First to appear is the energy and racing thoughts. I can’t sit down, lay down, stand still, I need to be constantly moving. I don’t care if I’m just walking around in circles, I need to move, move, move. And I’ve done that, just walking around in circles until a nurse intervened, I was in hospital. And the racing thoughts, I have a gazillion things going through my head, around and around, all of the thoughts. They come faster than I can speak so my speech becomes very pressured. I can’t get the words out fast enough. Sometimes I can’t even get words out at all, it’s just jibberish.
Then there’s the hobbies and obsessions. Once, I became obsessed with knitting and spent almost all of our savings on yarn and knitting supplies. And then I opened my own Etsy store to try and sell the things that I was knitting. That mania lasted say…..4 or 5 months. That was pre bipolar diagnosis. I thought that I just had depression and that the manias were what normal happy people experienced. Wrong. I always obsess over something when I’m manic, there’s always a theme to my shopping too. There’s been sweaters, makeup, yarn, shoes, DVD’s, books, stationery. I obsess.
Anger and irritability. I’m not really sure what to say about this one. Everything irritates me and I get angry over literally nothing. About a month after I finished ECT I headed into one of these manias and my poor husband bore the brunt of it.

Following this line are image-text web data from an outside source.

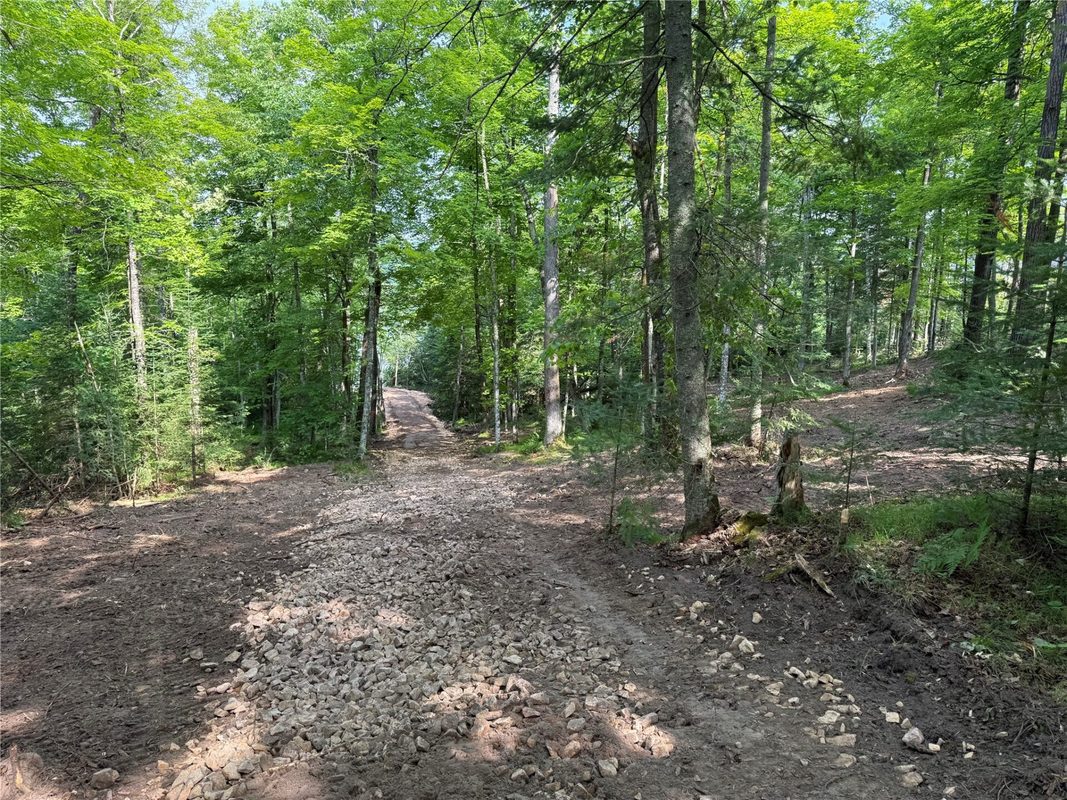 XXX Long Lake Road, Stone Lake WI 54876 - Land house for sale - MLS #1602892 - image17
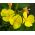 Semințe mixte de primăvară - Oenothera sp.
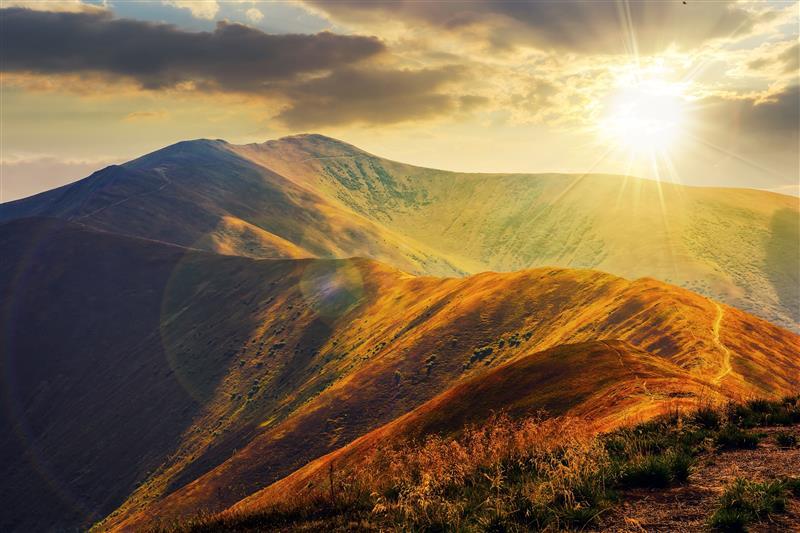 shutterstock_2389011265 1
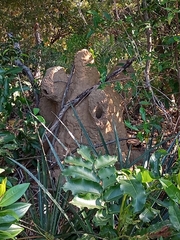 Cornitermes bequaerti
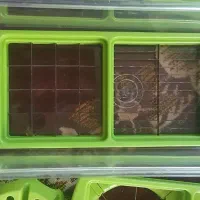 سبزی خورد کن  پرین|خردکن، آسیاب، غذاساز|قوچان, |دیوار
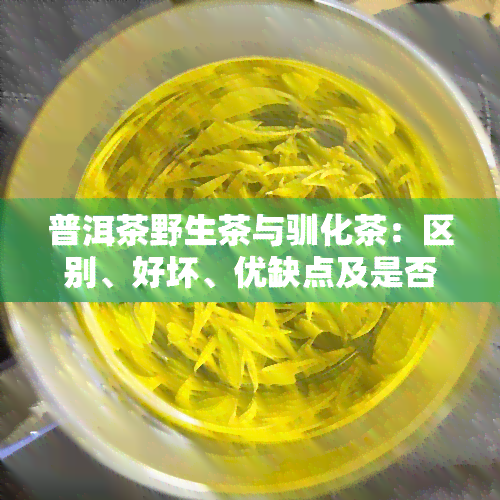 普洱茶野生茶与驯化茶：区别、好坏、优缺点及是否为生茶？探究野生型普洱茶及其在百度百科的地位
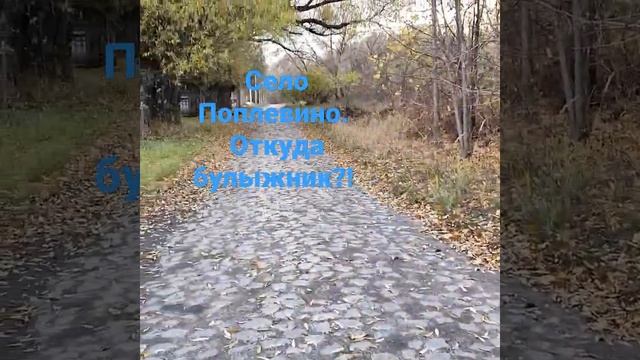 село Поплевино Рязанской области. Опять немцы строили смотреть онлайн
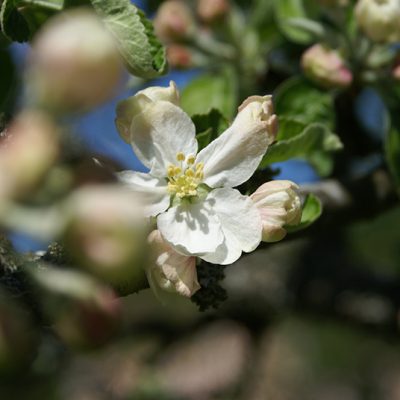 Bara EN äppelblomma till.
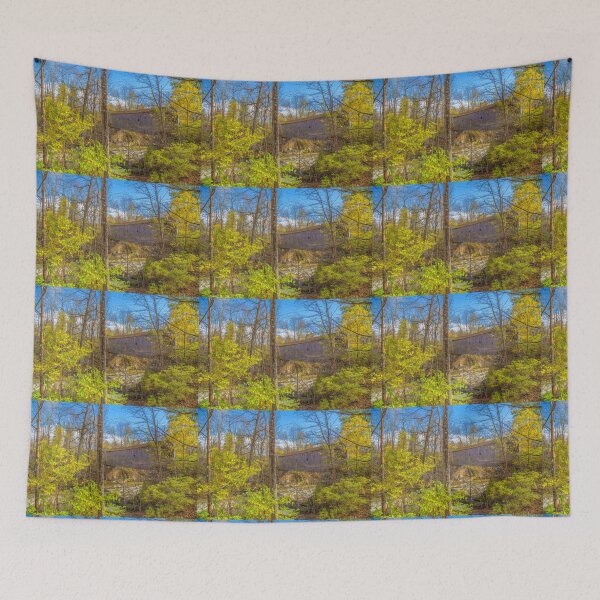 Item preview, USA. Connecticut. Kent. Bulls Covered Bridge. designed and sold by vadim19.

But then this mania took a turn and turned into…….
Psychotic mania. I have psychotic symptoms during depressive and manic episodes but it’s much more pronounced during mania. A common psychotic symptom for me is auditory hallucinations, as in, hearing voices. Quite often when I’m in crowded places I can hear everyone talking about me, saying bad things about me, calling my name. It gets quite distressing. A common visual hallucination I get is of a man following me around. He has black hair and a black goatee. He looks friendly enough but it still makes me paranoid, I get paranoid that I’m being followed and watched. The worst thing is that I’m medicated enough to know that it’s not real but I can still see him, like he’s a real person. It goes without saying that I also get incredibly delusional. I once thought that I was living in the Matrix. That one got me a hospital stay.
When you’re manic everything looks beautiful, everything looks bright. On more than one occasion I’ve had a sudden interest in religion. There was Catholicism, Wicca, Buddhism. As with many other things, I became obsessed. When I’m not manic, I’m actually an atheist.
Mania seems like something wonderful, something beautiful but often it’s not. I have literally thousands of dollars in debt left behind in America. I’ve been warned against getting a credit card in Australia. I quit my job because mentally I just couldn’t do it anymore and now I’m waiting on disability. My hospital submissions because of mania and depression are about equal. I have been hospitalised 7 times for my illness, six times in the last two years. I have a history of addiction and manic episodes make me more susceptible to that. Eighteen months ago my manic obsession was dieting and as a result I now have an eating disorder that I’m still struggling to overcome. Mania isn’t all it’s cracked up to be. But I still always wish for it. Because between feeling nothing and feeling everything, I would rather feel everything.